Once we switch to ExceptionGroups (#2213), users on Python 3.11 will have an easy way out of this quandary: they can write except* FooError instead of except FooError (and deal with the fact that the actual error they're catching is now an ExceptionGroup[FooError], not a direct FooError). This is forward-compatible: it works with the current loose semantics, and will also work once we switch to strict semantics. Unfortunately, users not on 3.11 yet (which will include most libraries for a while) must convert their exception handlers to functions plus a with exceptiongroups.catch(): context manager, which is significantly clunkier (and is probably the best we can do with the available language features).
This issue is intended to collect potential solutions to the above-described quandary.
My basic proposal is as follows:
- Merge the ExceptionGroups change backwards-compatibly; do whatever we do about single-exception wrapping under separate cover.
- Document the issue, encouraging people to use the new
except*syntax on 3.11 and later. - Provide a
trio.run()keyword argument (strict_exception_groups=True?) to opt into strict behavior (which will become the future default), and anopen_nursery()keyword argument to override the default for that particular nursery. (Not sure whether the nursery one should nest or not. Probably yes?) - Wait until 3.11 is in widespread use.
- Make targeted changes to encourage libraries to support strict exception semantics. I'm not sure what exactly this would be; perhaps "default strict_exception_groups to True when running under pytest" or something like that.
- Wait some more time.
- Make the default be
strict_exception_groups=Truewhen running on 3.11+.
I'm not sure we ever need to remove support for strict_exception_groups=False.
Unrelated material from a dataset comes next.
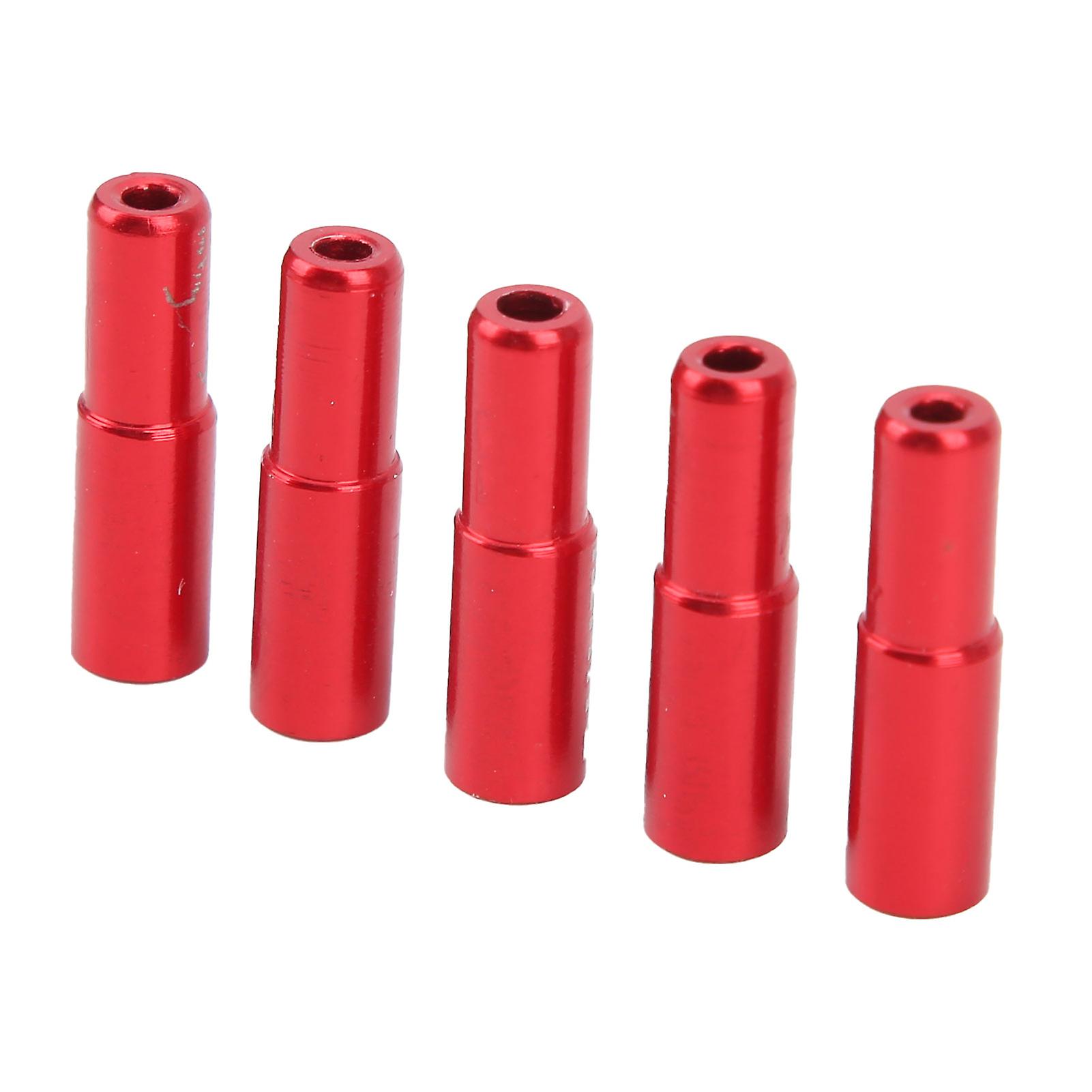 Duuti 5pcs 5mm Bicycle Brake Cable Inner End Caps Crimps Aluminum Alloy Shifter Ferrules For Road Mountain Bikesred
In particular, it is probably useful indefinitely on an individual-nursery basis, in order to support libraries that "hide" a nursery and expect their background tasks to never raise errors. Users should probably be able to write
try:
async with open_websocket(...) as ws:
raise RuntimeError
except RuntimeError:
print("and have this clause execute")
We might instead want to add a nursery mode more targeted at such cases, that passes through exceptions from the nested child but wraps any background-task exception in some new error like trio.HelperTaskCrashed. We could use this for the system nursery too, instead of the current norm of using trio.TrioInternalError when a system task crashes. This could profitably be combined with the "service nurseries" concept discussed in #1521.
Some optional mix-ins for the above:
- Default to strict exception semantics on 3.11+ immediately. Assume any libraries affected by this will notice the problem when they test for 3.11 compatibility in the lead-up to the release. Benefits: new users (which are more likely to be using new Python versions, and are definitely not going to know to toggle this obscure
trio.runargument) will get the "better" semantics sooner; existing deployments will notice the issue as part of their general "does our thing still work with the latest Python version?" testing. Drawbacks: libraries might be left scrambling. - Default to strict exception semantics everywhere rather than limiting it to 3.11+. Benefits: it's a little confusing when a Python upgrade breaks something, because it's not Python's fault and users might not think to check Trio release notes if they didn't also upgrade Trio. Drawbacks: the necessary workarounds to support strict semantics before 3.11 are cumbersome and are likely to annoy our users.
- Add a deprecation period where users who don't explicitly specify
strict_exception_groups=Trueget a deprecation warning explaining the issue. Benefits: user education. Drawbacks: requires two code changes at different times for users who don't want to see the warning.
I don't feel strongly about what default we choose for strict vs loose semantics and when we change it, but I do feel strongly that users should be able to override whatever we choose.